Pages

Friday, October 26, 2012

[InterviewStreet Problem] Find Strings

Update
The mistake was in counting the number of children. I have now passed all but two test cases, which probably require that I implement the Suffix Tree using lists instead of arrays.
----------------------------------------------------------------------------------------------------------------------------

So I have been trying to solve problems under the "Strings" section in InterviewStreet. Find Strings is one of those questions and I am here to discuss a possible strategy to solve the problem. I'd like to make it clear from the beginning that my own solution has not been accepted yet, but I am unable to see the flaw in the approach and am expecting someone to point it out.

So, the question requires us to find the number of unique substrings in a given set of strings. At first I thought as the question unfolds and since I use C++ for most problems, I was thinking in terms of the available data structures in STL. So, at first I thought of storing the unique substrings (of the order of the square of the length of the string) in a 'set'. The set takes care of the uniqueness, but the problem arises if I try to find the 'k-th' smallest string. This would take really long, for each query.

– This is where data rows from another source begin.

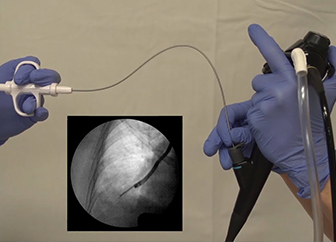 Transbronchial Biopsy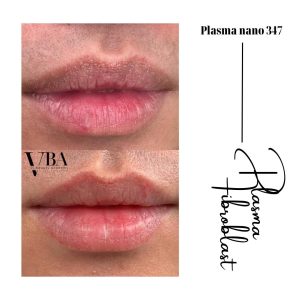 xóa nếp nhăn môi - Plasma fibroblast nano 347 xoa nep nhan moi 10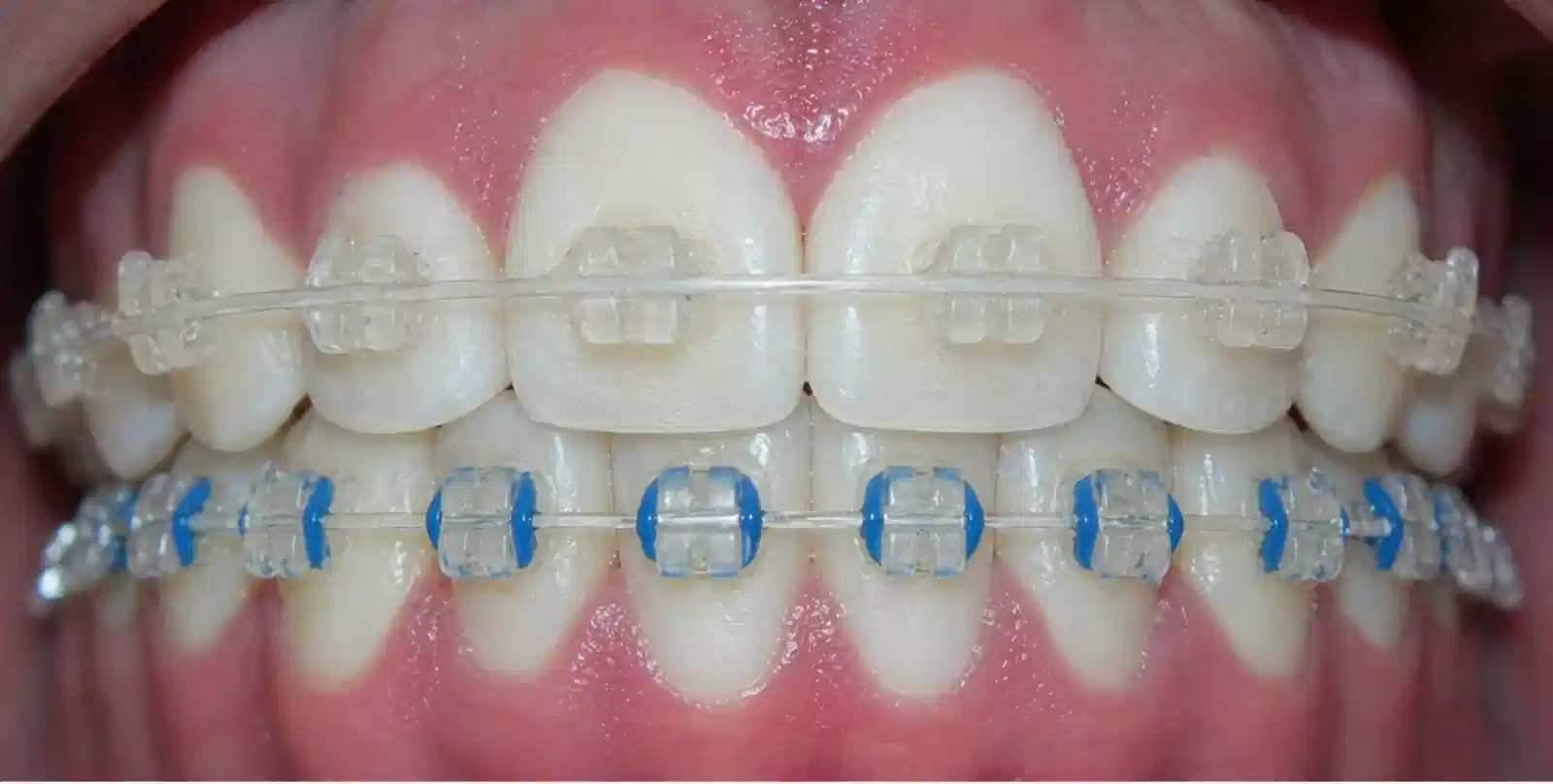 Después de tratamiento de ortodoncia con brackets cerámicos en Cuenca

So, the things that led me to another solution were the following realizations :-
  • First solution takes too long inserting each string
  • Insertion of the substrings of a string like "aab", will require steps to insert each of {a, aa, aab, ab, b}, i.e. 5 different insertion steps. Here, I thought if I could simply mark {a,aa} as unique substrings as well when inserting aab
  • Searching for a string in a set (when checking for uniqueness) requires comparison of almost the entire string even if a similar string has already been compared with. For instance, in a set of {abc, abe}, I am checking if "abd" exists, then I would need to carry out 6 comparisons (between characters). This wastes the earlier learnt lesson that the first two characters are 'ab'.
These things led me to think in terms of tries and consequently I related that it is possible find substrings of a string in its Suffix Tree. A suffix tree is, basically, a trie of suffixes of a string. So, if I create one suffix tree as the set of the unique substrings, I have the following advantage :-
  •  I have to insert only the m suffixes of a string of length m. This reduces the number of insertions to linear from quadratic in the previous algorithm.
  • While checking if the string to be inserted is already present in the set, I need only O(d) comparisons, where d is the length of the string to be inserted.
  • While checking for the k-th smallest string (lexicographically), I can make use of the information about the number of children of a node (not the number of leaves it leads). The number of children of a node can be related to the number of unique "substrings" (not suffixes, which is given by the number of leaves). 

So, eventually, I ended up coding up a SuffixTree and the solution I submitted can be found below (or follow this link). But again, this solution has been able to pass only one of the test cases. So, either there's some serious flaw with the approach or I've failed to code what I had in mind. 


I'd be glad to hear suggestions for improvements in the algorithm or the code.